■ What you have to do ■
Write down exactly the lines of the listing below, beginning with the one containing "A forbidding black" and closing with the final line.
____ Source data
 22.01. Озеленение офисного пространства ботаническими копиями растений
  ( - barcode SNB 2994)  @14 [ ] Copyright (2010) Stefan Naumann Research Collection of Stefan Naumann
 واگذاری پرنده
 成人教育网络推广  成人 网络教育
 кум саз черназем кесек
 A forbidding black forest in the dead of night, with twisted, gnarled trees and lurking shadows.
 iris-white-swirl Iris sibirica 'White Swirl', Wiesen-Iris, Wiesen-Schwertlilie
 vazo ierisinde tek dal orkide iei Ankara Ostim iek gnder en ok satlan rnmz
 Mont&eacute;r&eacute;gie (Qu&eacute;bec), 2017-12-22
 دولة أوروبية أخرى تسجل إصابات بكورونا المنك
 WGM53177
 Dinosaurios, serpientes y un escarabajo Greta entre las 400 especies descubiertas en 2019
________
■ Answer space ■
 A forbidding black forest in the dead of night, with twisted, gnarled trees and lurking shadows.
 iris-white-swirl Iris sibirica 'White Swirl', Wiesen-Iris, Wiesen-Schwertlilie
 vazo ierisinde tek dal orkide iei Ankara Ostim iek gnder en ok satlan rnmz
 Mont&eacute;r&eacute;gie (Qu&eacute;bec), 2017-12-22
 دولة أوروبية أخرى تسجل إصابات بكورونا المنك
 WGM53177
 Dinosaurios, serpientes y un escarabajo Greta entre las 400 especies descubiertas en 2019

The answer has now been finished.